2) It’s okay to not be writing. Guilt can be a motivator, sure, but when that guilt is clouding your story and ideas and generally fucking with you in a way that pushes you to write badly, it’s time to stop. I’m all for working hard and pushing through, but learn to forgive yourself and walk away sometimes. I once went an entire year without writing and it felt good.

3) Listen to editors who reject your work. Seems easy to just read a rejection and think, “fuck them.” You can say that, and you probably will, but maybe actually take to heart what they say. The advice on why your piece wasn’t accepted may not click with you, but if an editor is taking the time to say why it doesn’t work, listen. Staple it to your wall. You’re going to collect a mountain of form rejections and no responses. Editors who take the time to respond, to critique, are saints.

4) Don’t set a writing schedule. Put down words when you want to. If that’s all day, then do it. If it’s ten minutes, great. If you treat your writing like an office day job it’s going to start feeling that way.

5) You’re not Bukowski, or Hemingway, or David Foster Wallace. You won’t understand this now, but early on, you’ll go through a phase of imitation. It’s okay. That idolization will start to flake away and your personality/style will come through, eventually. I spent a good two years as a middle class white kid living in my parents basement thinking I was similar to Bukowski, which is disgusting.

6) No writer knows what they are doing. We are literally taking symbols and forming things called sentences into things called paragraphs into things called stories into things called novels. One day someone will give you a one star review on Amazon because of your poor character development and plot pacing.

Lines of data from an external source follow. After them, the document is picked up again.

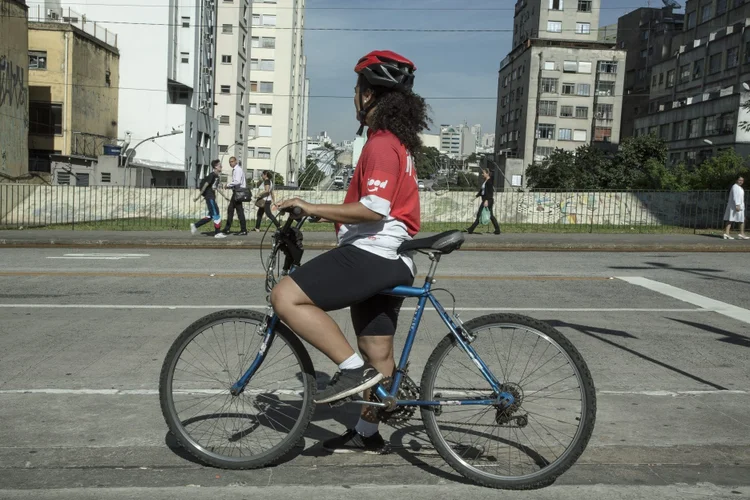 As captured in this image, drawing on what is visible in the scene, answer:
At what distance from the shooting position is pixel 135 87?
5919cm

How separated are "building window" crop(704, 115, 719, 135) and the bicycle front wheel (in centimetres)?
6791

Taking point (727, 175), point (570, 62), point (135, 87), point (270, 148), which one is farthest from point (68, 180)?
point (570, 62)

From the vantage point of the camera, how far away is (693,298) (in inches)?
385

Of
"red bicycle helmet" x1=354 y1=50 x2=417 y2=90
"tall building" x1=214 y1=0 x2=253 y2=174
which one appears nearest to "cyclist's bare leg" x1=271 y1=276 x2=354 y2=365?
"red bicycle helmet" x1=354 y1=50 x2=417 y2=90

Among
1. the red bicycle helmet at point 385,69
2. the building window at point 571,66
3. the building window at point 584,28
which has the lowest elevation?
the red bicycle helmet at point 385,69

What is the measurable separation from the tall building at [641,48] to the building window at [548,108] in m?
10.6

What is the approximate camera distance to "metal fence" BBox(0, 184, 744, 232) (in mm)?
24453

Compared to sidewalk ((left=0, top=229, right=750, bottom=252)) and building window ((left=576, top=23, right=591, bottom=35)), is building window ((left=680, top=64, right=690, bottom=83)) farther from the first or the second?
A: sidewalk ((left=0, top=229, right=750, bottom=252))

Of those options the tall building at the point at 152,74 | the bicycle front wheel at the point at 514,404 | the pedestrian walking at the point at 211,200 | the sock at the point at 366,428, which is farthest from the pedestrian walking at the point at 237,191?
the tall building at the point at 152,74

7) Don’t isolate yourself. This one seems tricky because most likely you’ll spend a good chunk of your day reading and writing and thinking about writers and reading interviews and all that. It’s good to absorb everything, and if you really love writing, you’ll be obsessed. But please, get outside. And this doesn’t mean going to a reading. And it doesn’t mean jogging alone. Call your family. Go out for drinks and don’t say a word about your novels word count.

8) Take care of your body. I’m still a skinny fuck with a little belly and very little upper body strength, but I watch what I eat and exercise now. Just because you go to the gym doesn’t necessarily mean you’re a bro. Besides, people will find you less annoying if you don’t look like a stereotypical writer. Hey, I did twenty push-ups between this number and the last.

9) Stay humble. No matter what you write, who you publish with, what agent said they were interested in you, stay small and never stop being curious.

10) Write what you don’t know.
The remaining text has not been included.